╭─ Data for processing

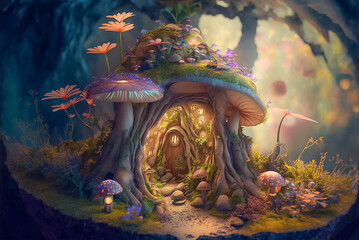 Fairy village under toadstools and old tree roots. Generative AI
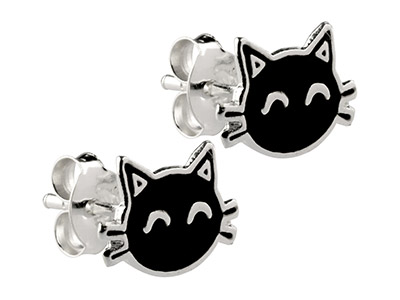 Pendientes De Corchete En Forma De Gato Hechos Con Plata De Ley Con Esmalte - Imagen Estandar - 2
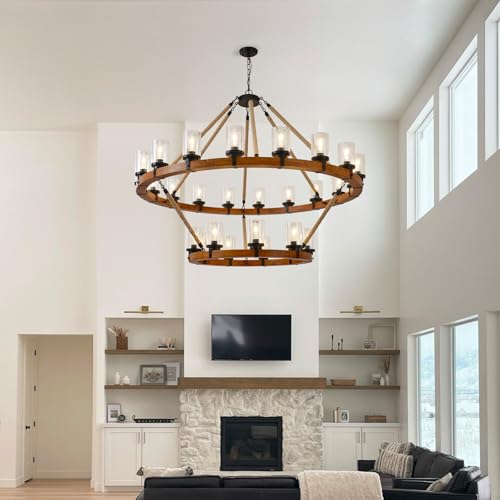 60" 2 Tier Wagon Wheel Chandelier 27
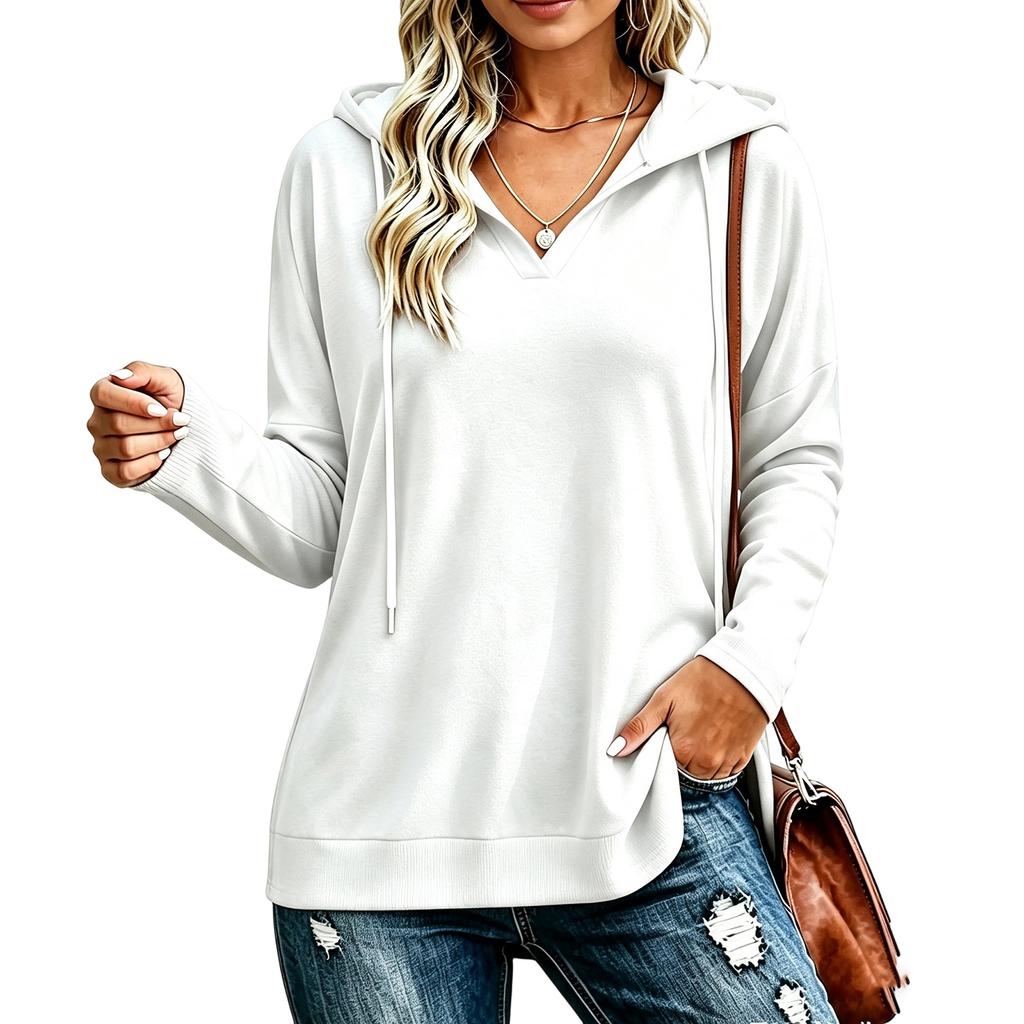 Women's Lightweight V-Neck Long Sleeve Hoodie Casual Pullover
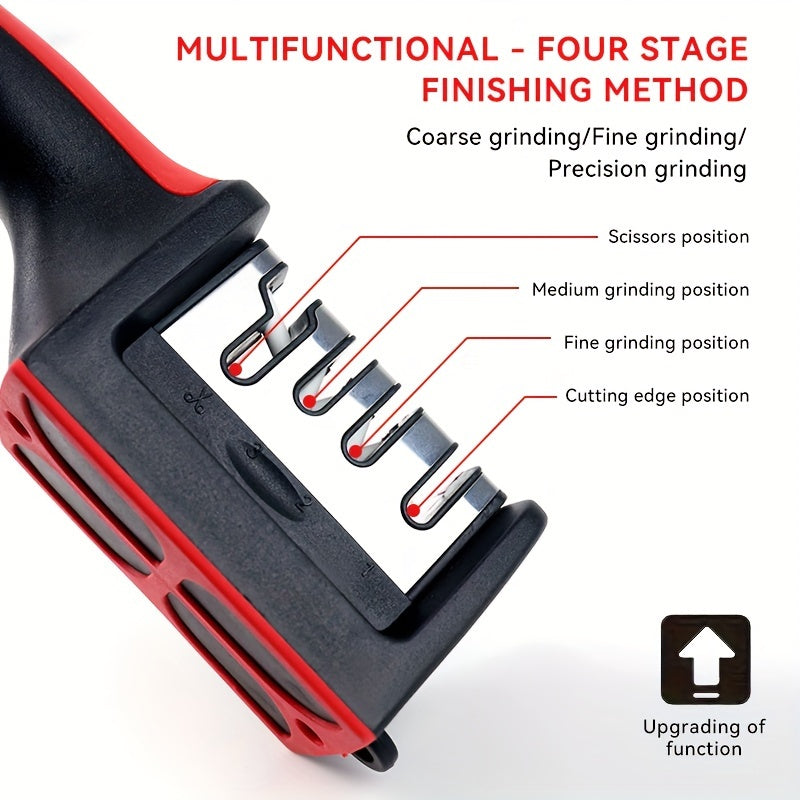 4-Stage Professional Knife Sharpener - High-Precision Tungsten Diamond & Ceramic Sharpening Stone with Non-Slip Grip, Fast Sharpening & Long-Lasting Performance - Black & Red Colors, Easy to Use for Father'S Day Gifts, Kitche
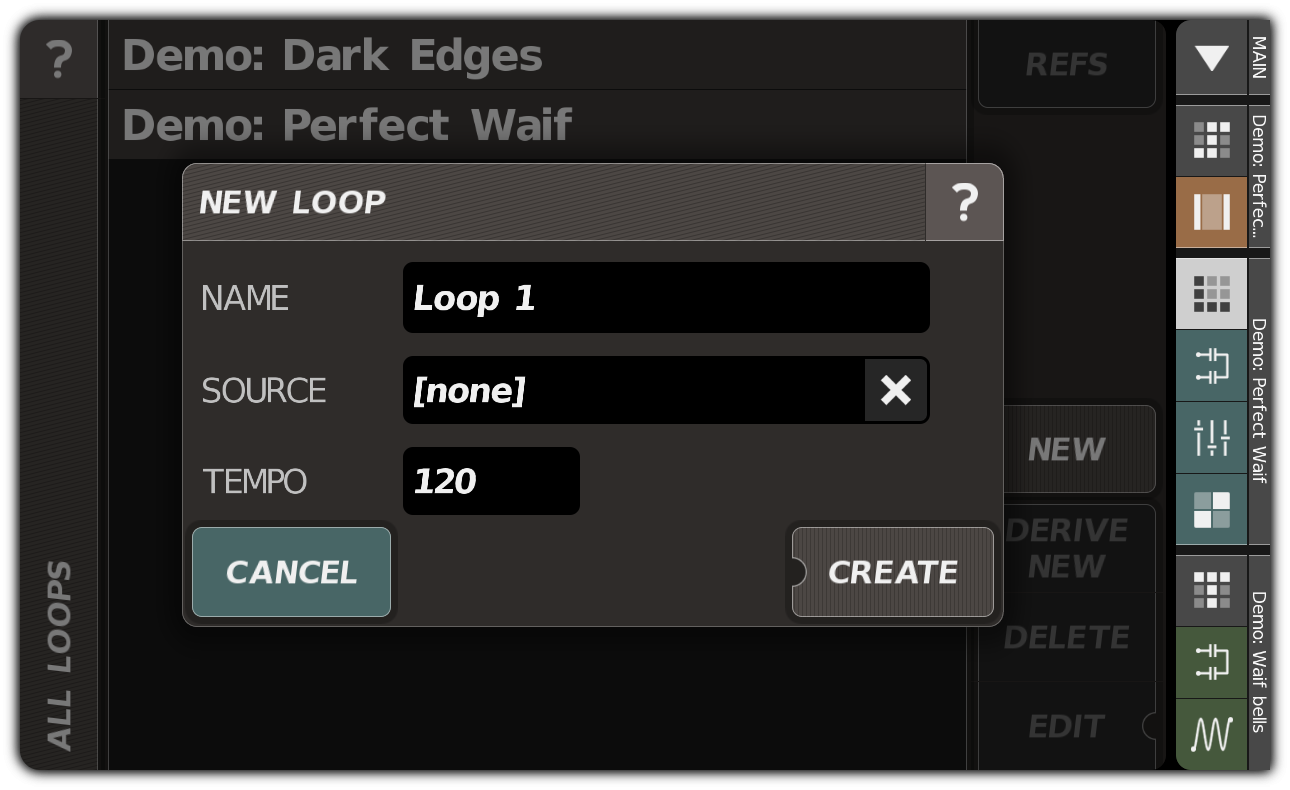 Creating a loop with the NEW LOOP dialog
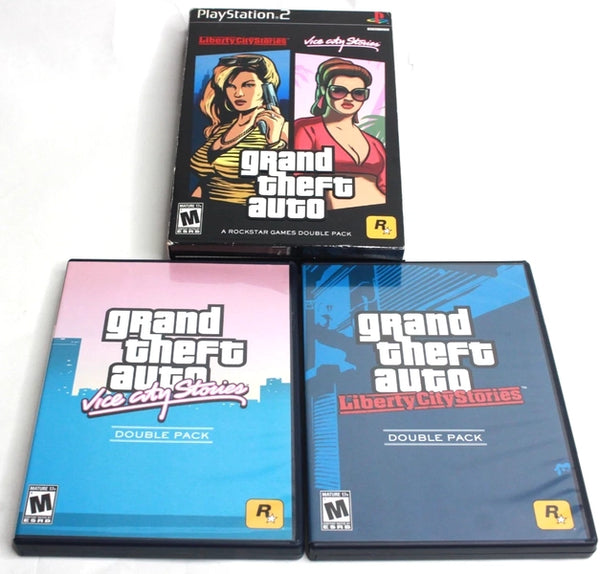PS2 Grand Theft Auto GTA - Double Pack - Liberty City Stories / Vice City Stories - Complete with Slipcover and Both Games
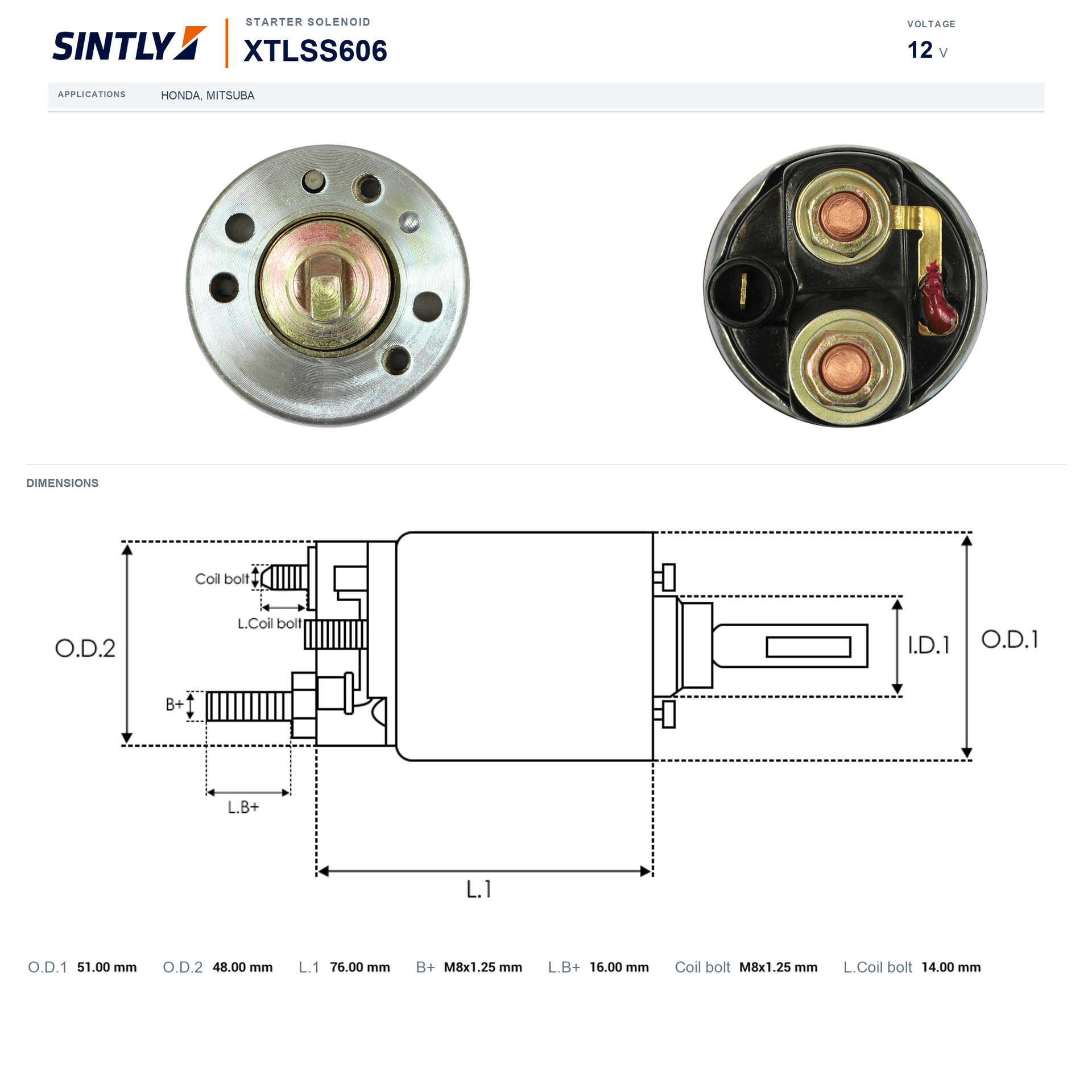 Starter Solenoid XTLSS606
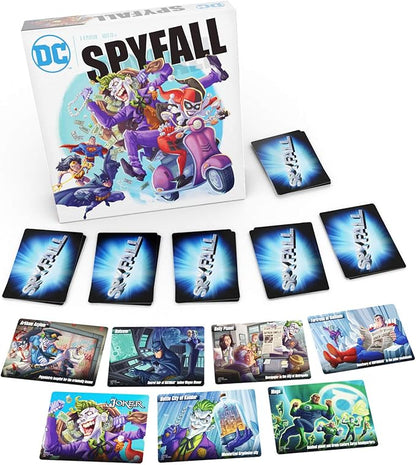 DC Spyfall - The Perfect Party Game - Find The Joker Before Time Runs Out - for 3 to 8 Players - Board Games for Teens and Adults - Featuring Batman Superman Wonder Woman and More - Ages 13+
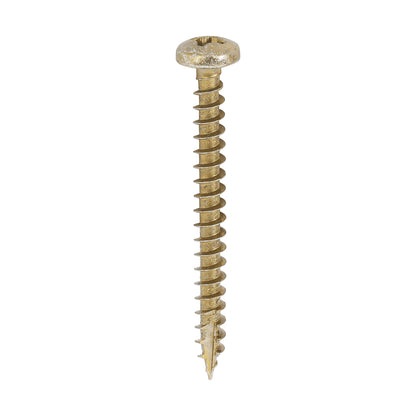 200 x TIMCO Classic Multi-Purpose Pan Head Gold Woodscrews - 4.0 x 40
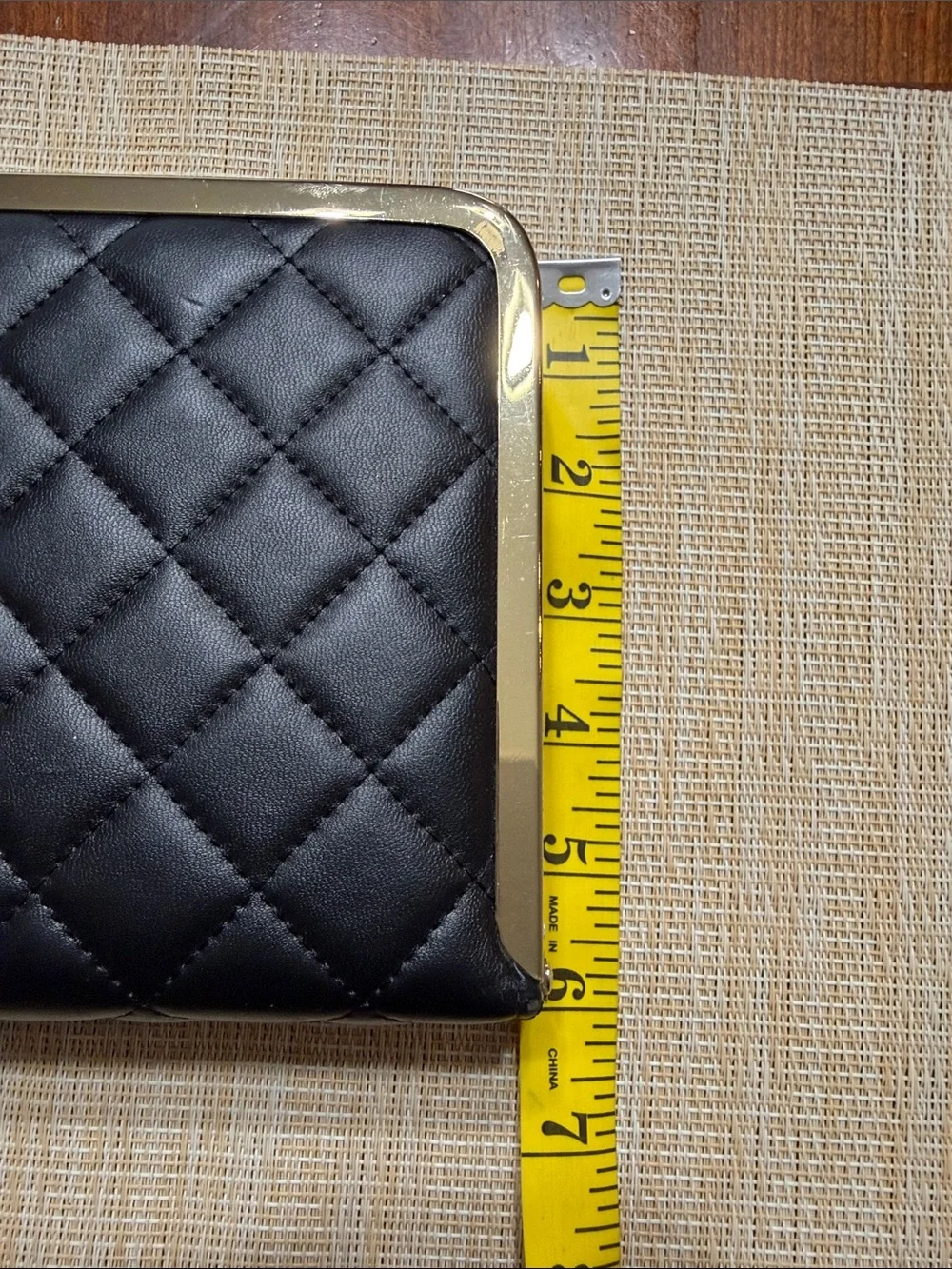 Quilted Black Women's Clutch with Gold and Rhinestone Trim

╰─

▶ _Exercise objective_: Copy the final portion of the records: every line from the one containing "Pendientes De Corchete" through the last, word for word, without pictures.

▶ _Exercise output_:
 Pendientes De Corchete En Forma De Gato Hechos Con Plata De Ley Con Esmalte - Imagen Estandar - 2
 60" 2 Tier Wagon Wheel Chandelier 27
 Women's Lightweight V-Neck Long Sleeve Hoodie Casual Pullover
 4-Stage Professional Knife Sharpener - High-Precision Tungsten Diamond & Ceramic Sharpening Stone with Non-Slip Grip, Fast Sharpening & Long-Lasting Performance - Black & Red Colors, Easy to Use for Father'S Day Gifts, Kitche
 Creating a loop with the NEW LOOP dialog
PS2 Grand Theft Auto GTA - Double Pack - Liberty City Stories / Vice City Stories - Complete with Slipcover and Both Games
 Starter Solenoid XTLSS606
 DC Spyfall - The Perfect Party Game - Find The Joker Before Time Runs Out - for 3 to 8 Players - Board Games for Teens and Adults - Featuring Batman Superman Wonder Woman and More - Ages 13+
 200 x TIMCO Classic Multi-Purpose Pan Head Gold Woodscrews - 4.0 x 40
 Quilted Black Women's Clutch with Gold and Rhinestone Trim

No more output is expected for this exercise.